◆ WHAT IS REQUIRED:
Your job is to print, exactly, the lines in the data below from the line with "Damen Fleece Pullover" through the line with "autumn themed wooden welcome sign", both included, and to omit any picture.

◆ INFORMATION GIVEN:
--------------------

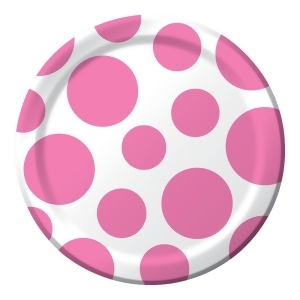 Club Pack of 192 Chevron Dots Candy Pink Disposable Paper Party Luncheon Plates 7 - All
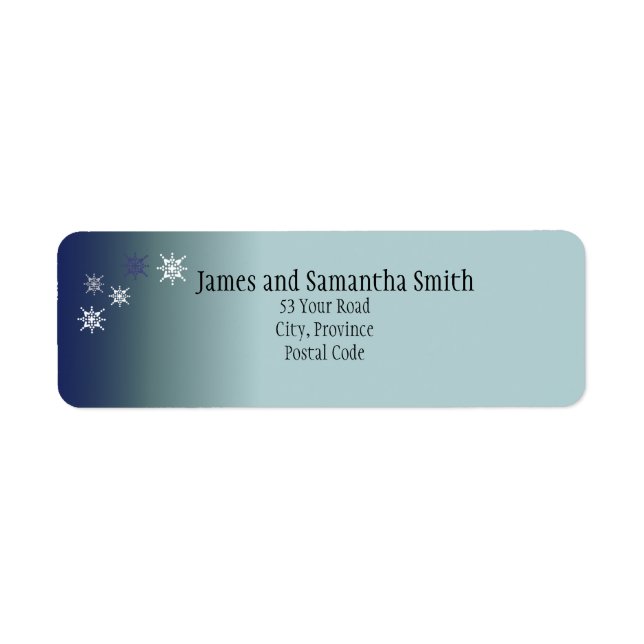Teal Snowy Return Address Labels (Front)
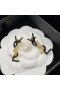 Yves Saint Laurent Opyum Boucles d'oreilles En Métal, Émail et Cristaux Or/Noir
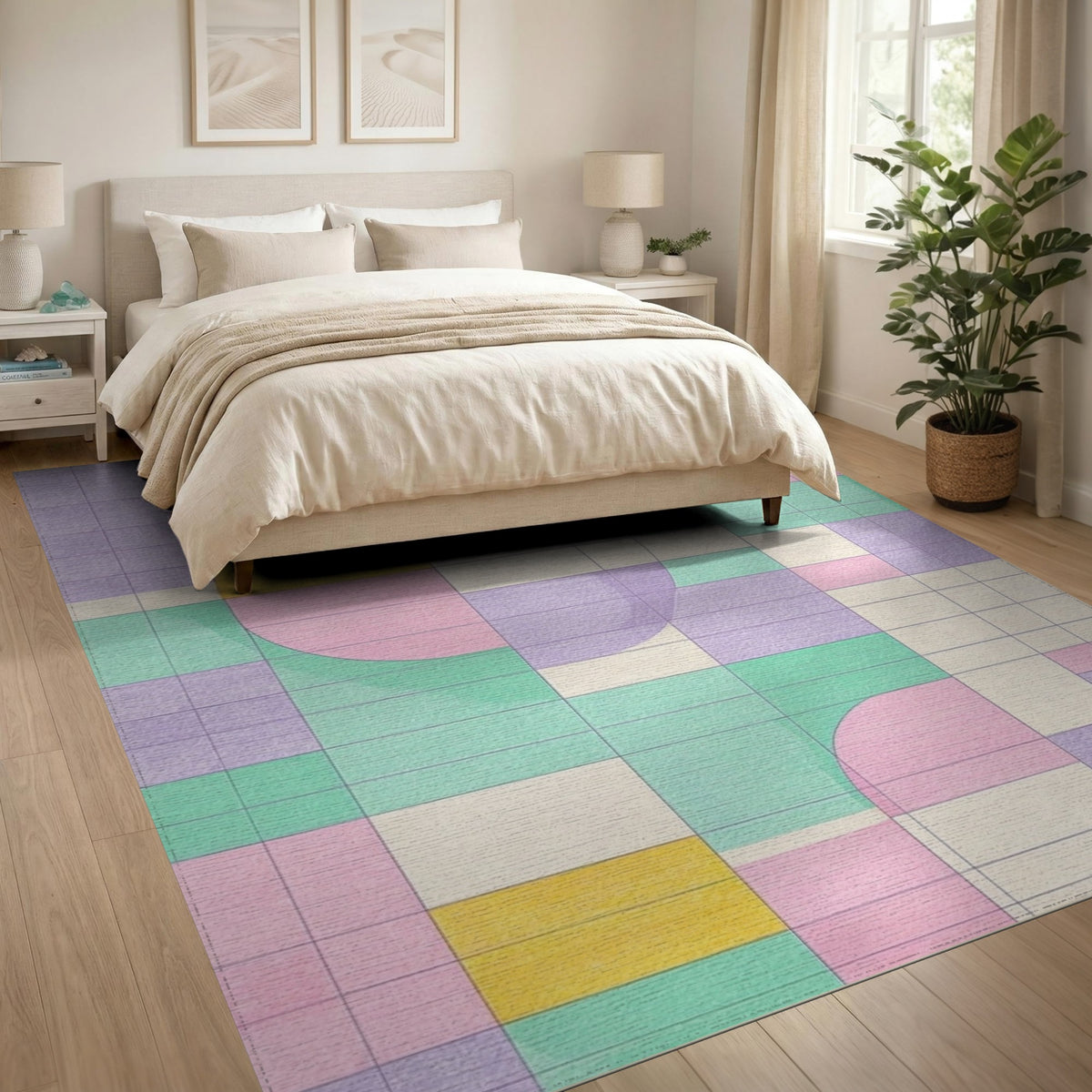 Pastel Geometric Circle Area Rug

--------------------

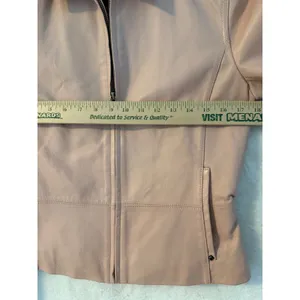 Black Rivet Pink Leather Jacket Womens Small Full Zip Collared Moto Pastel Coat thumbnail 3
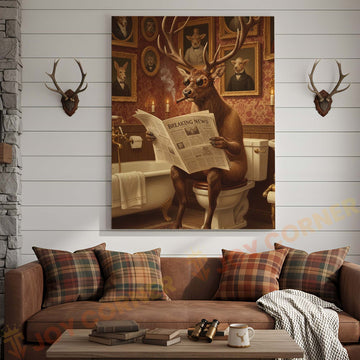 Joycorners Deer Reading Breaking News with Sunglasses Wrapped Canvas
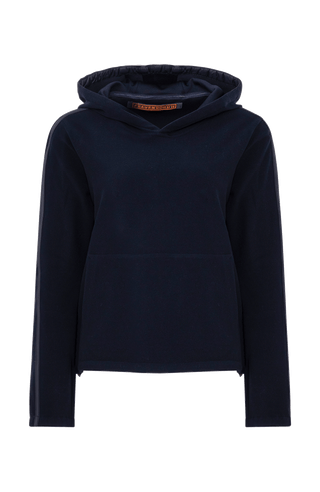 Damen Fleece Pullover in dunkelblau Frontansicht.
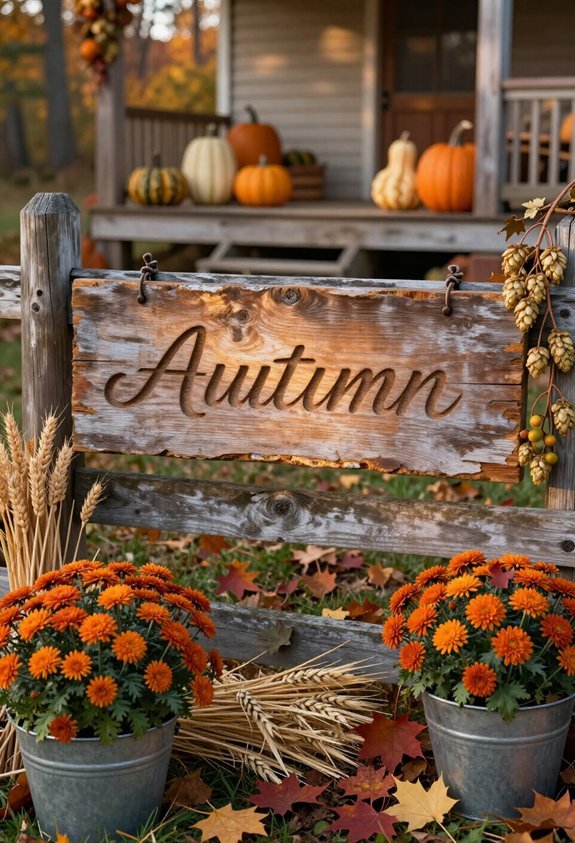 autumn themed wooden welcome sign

--------------------

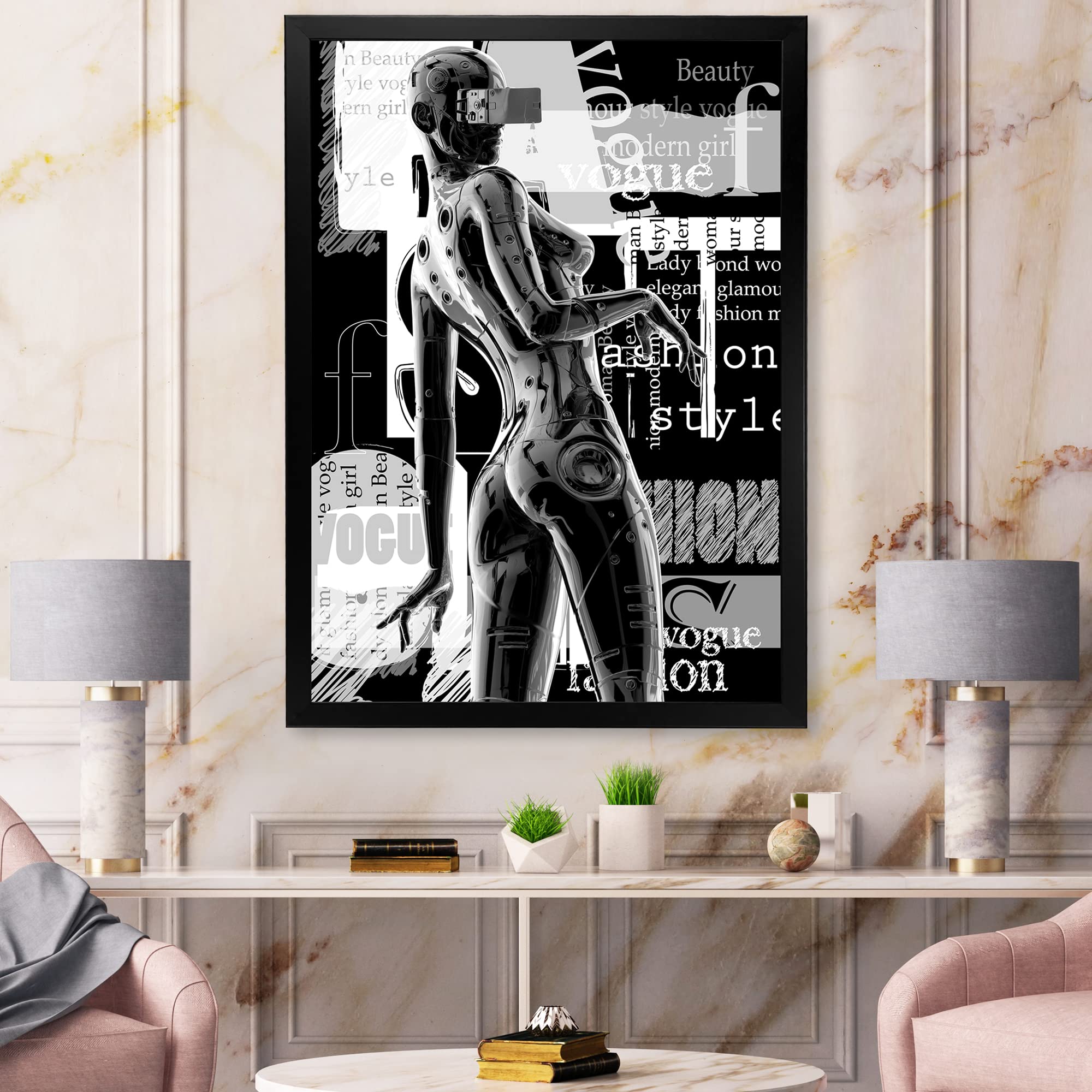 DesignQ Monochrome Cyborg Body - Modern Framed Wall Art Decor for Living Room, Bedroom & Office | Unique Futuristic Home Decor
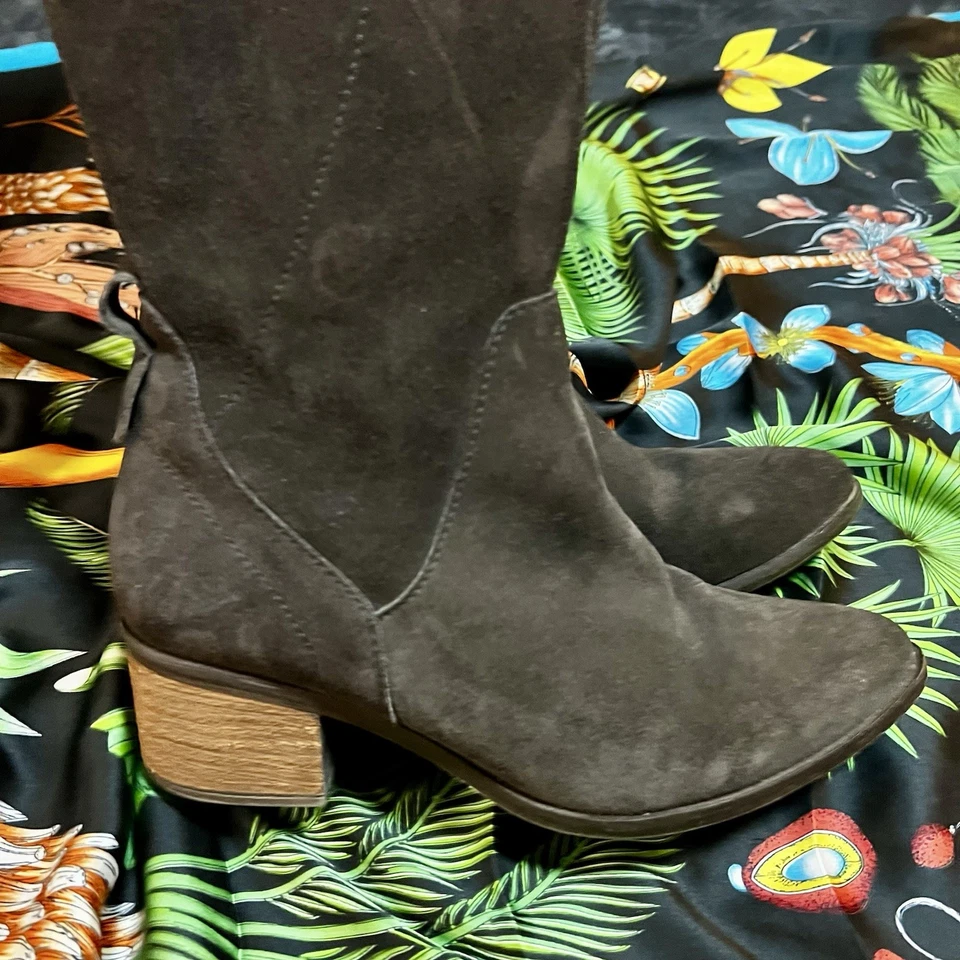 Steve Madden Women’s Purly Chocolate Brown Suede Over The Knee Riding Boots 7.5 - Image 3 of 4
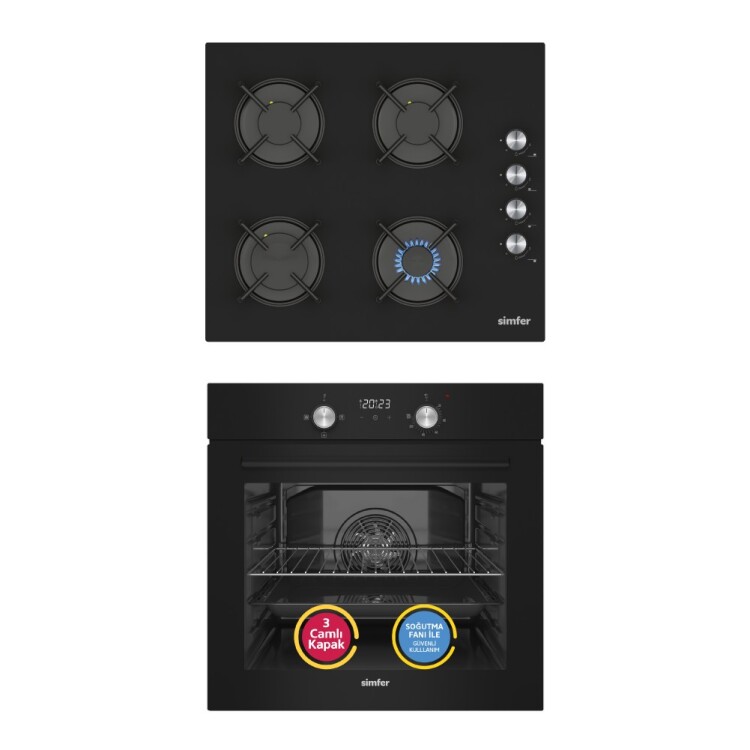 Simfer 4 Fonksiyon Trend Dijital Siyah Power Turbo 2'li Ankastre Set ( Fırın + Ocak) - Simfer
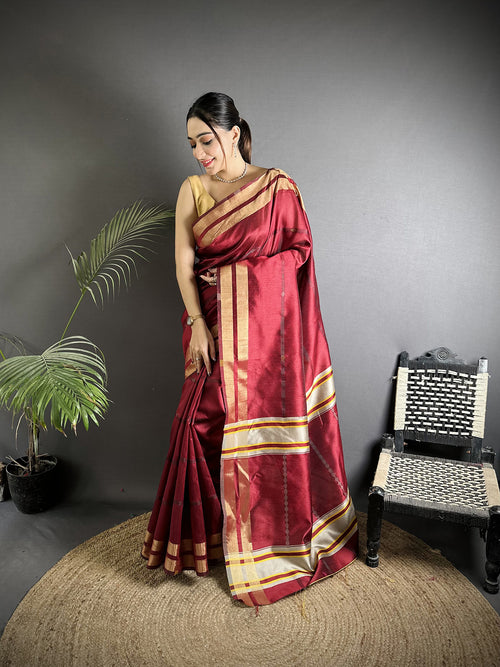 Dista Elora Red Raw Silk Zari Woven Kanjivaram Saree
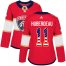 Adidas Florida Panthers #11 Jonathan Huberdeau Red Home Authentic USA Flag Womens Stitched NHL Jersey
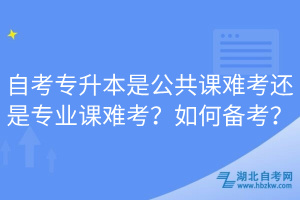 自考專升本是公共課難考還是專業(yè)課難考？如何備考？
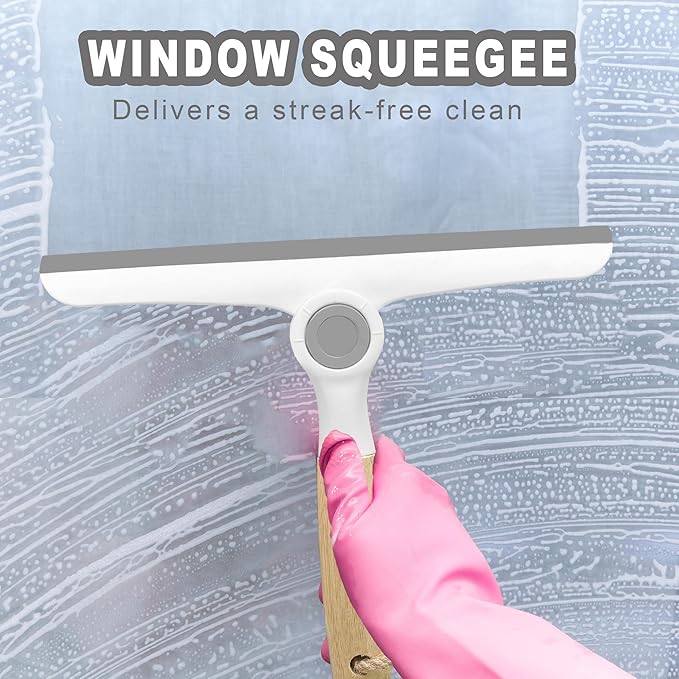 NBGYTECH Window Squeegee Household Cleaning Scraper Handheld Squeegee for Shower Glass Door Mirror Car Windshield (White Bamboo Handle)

--------------------

◆ REPLY:
 Damen Fleece Pullover in dunkelblau Frontansicht.
 autumn themed wooden welcome sign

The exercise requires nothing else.